**What to produce**: Please transcribe the lines below exactly, and leave every image behind.

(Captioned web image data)
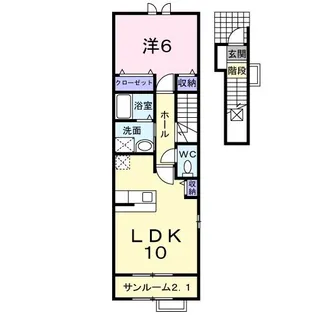 シエル・ブルーB【2階】の間取り
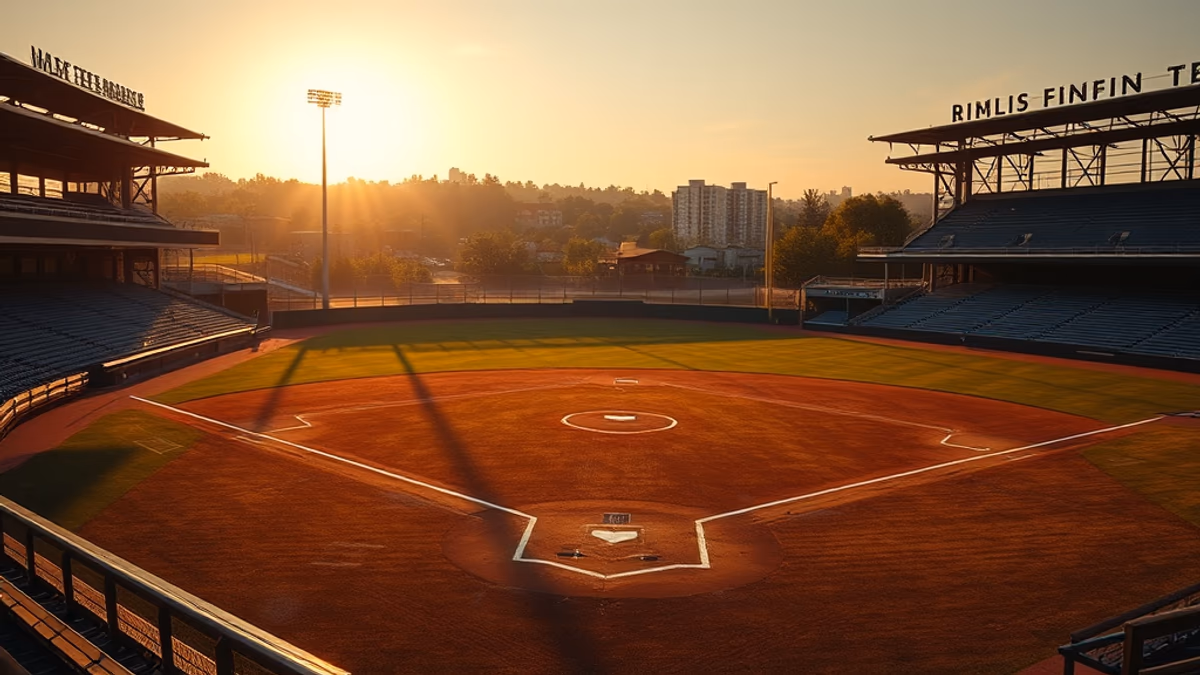 Fairfield Properties Ballpark at sunset with the LI Ducks taking the field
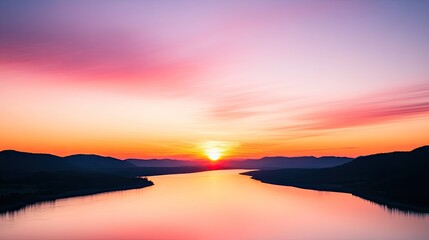 Fototapeta premium Serene sunset over a tranquil river reflecting vibrant colors with mountains in the background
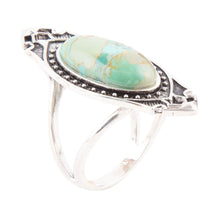Load image into Gallery viewer, Phantom Blue Turquoise and Sterling Silver Ring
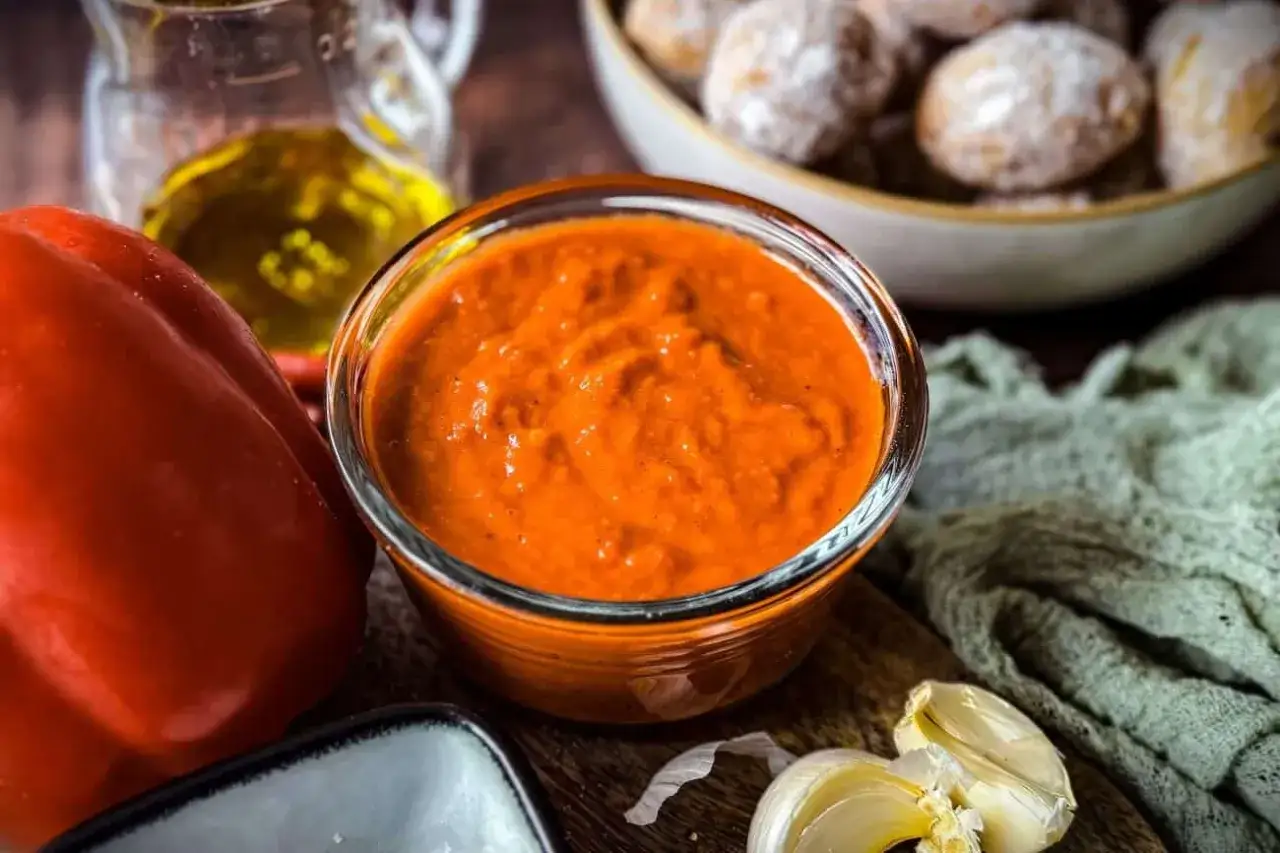 Schüssel mit leuchtend orangeroter mojo rojo sauce, dane eine rote Paprika, Knoblauch und Olivenöl. Im Hintergrund sind Salzkartoffeln zu sehen.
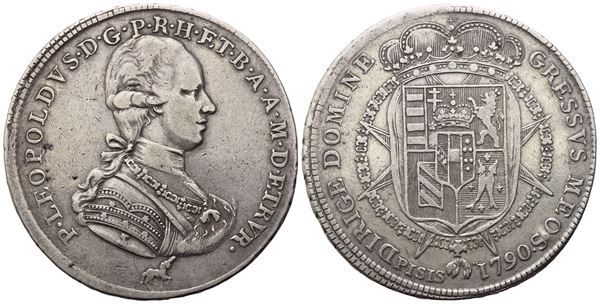 FIRENZE. Granducato di Toscana. Pietro Leopoldo I d'Asburgo Lorena (1765-1790). Francescone 1790; Ag (27,05 g; 40,8 mm)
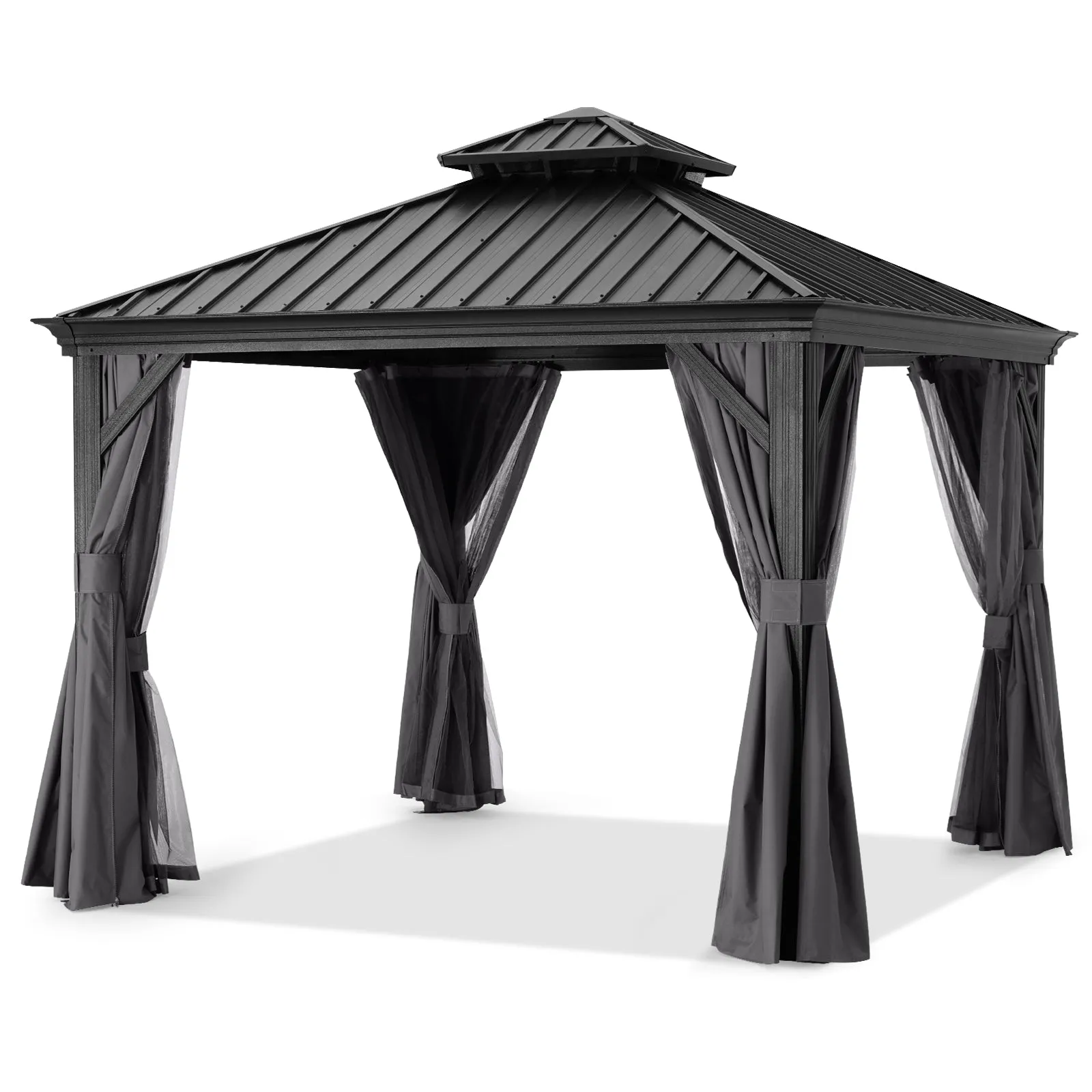 ABCCANOPY Hardtop Gazebo - Outdoor permanent double top gazebo and Netting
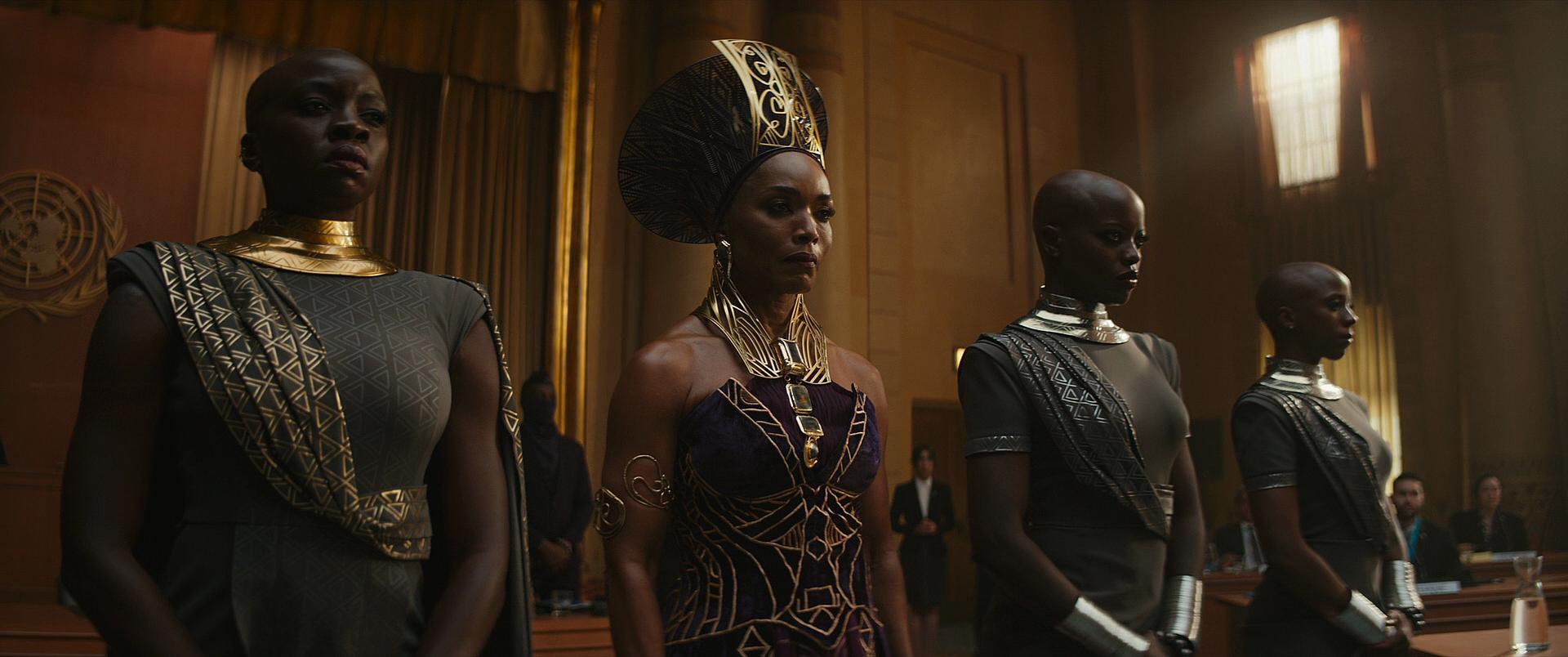 Queen Ramonda (Angela Bassett) tells the UN that Wakanda is not to be tested in Black Panther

**Exercise output**:
 シエル・ブルーB【2階】の間取り
 Fairfield Properties Ballpark at sunset with the LI Ducks taking the field
 Fototapeta premium Serene sunset over a tranquil river reflecting vibrant colors with mountains in the background
Load image into Gallery viewer, Phantom Blue Turquoise and Sterling Silver Ring
 Schüssel mit leuchtend orangeroter mojo rojo sauce, dane eine rote Paprika, Knoblauch und Olivenöl. Im Hintergrund sind Salzkartoffeln zu sehen.
 FIRENZE. Granducato di Toscana. Pietro Leopoldo I d'Asburgo Lorena (1765-1790). Francescone 1790; Ag (27,05 g; 40,8 mm)
 ABCCANOPY Hardtop Gazebo - Outdoor permanent double top gazebo and Netting
 Queen Ramonda (Angela Bassett) tells the UN that Wakanda is not to be tested in Black Panther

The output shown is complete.